TRY IT.
Leave out every picture, and return exactly the lines from the line containing "TmaxPro 7 in" through the end of the records below, both inclusive.

SUPPLIED ENTRIES.
--- START ---
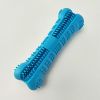 Natural Rubber Dog Dental Chews Care Dog Toys Bone for Pet Teeth Cleaning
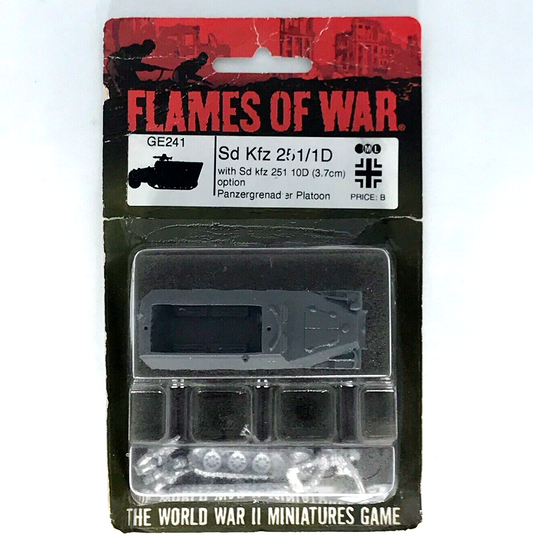 German Axis Sd Kfz 251/D Panzergrenadier Half-track Blister - Flames of War C144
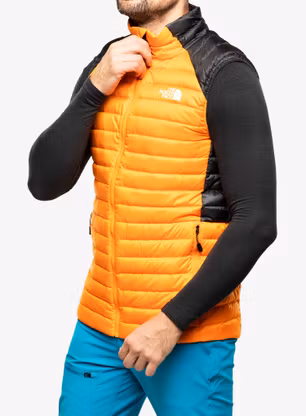 Weste Herren The North Face Bettaforca Lt Down Vest - cone orange/asphalt grey
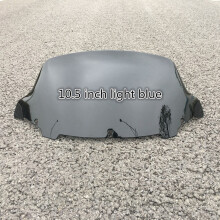 (8) Black Smoke Clear 4,5" 7" 10,5" Wave παρμπρίζ ταιριάζει για Harley Touring FLHT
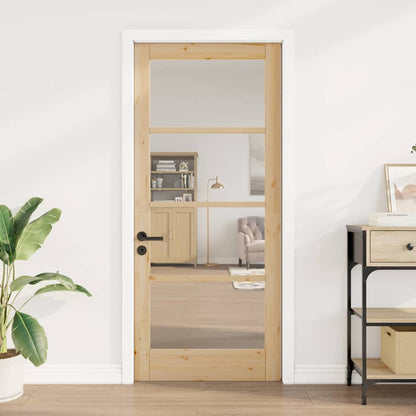 Interior Door with Glass ORKDAL Brown 33.9 x 78.1 in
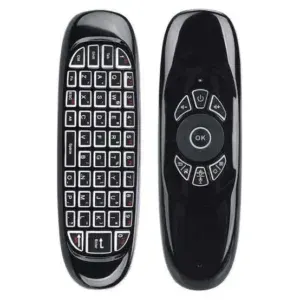 Mini Teclado Inalámbrico Air Mouse RGB con Giroscopio para Smart TV y TV Box
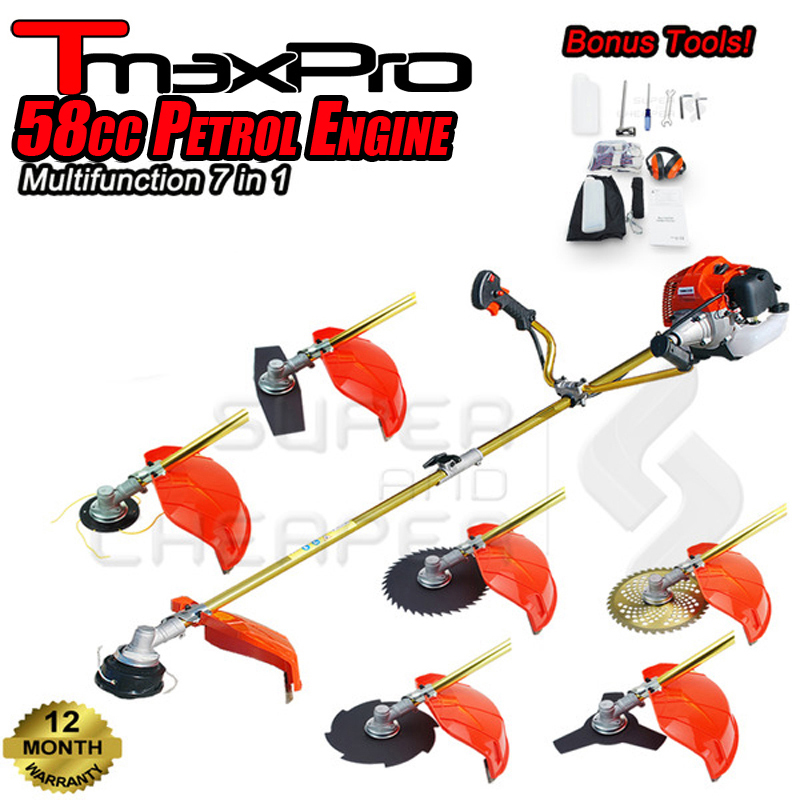 TmaxPro 7 in 1 Brush Cutter Whipper Snipper Trimmer Line Edger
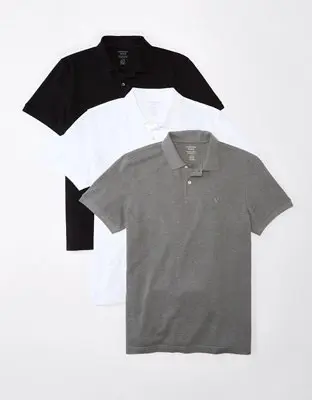 American Eagle Legend Polo Shirt 3-Pack. 1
--- END ---
TASK OUTPUT.
 TmaxPro 7 in 1 Brush Cutter Whipper Snipper Trimmer Line Edger
 American Eagle Legend Polo Shirt 3-Pack. 1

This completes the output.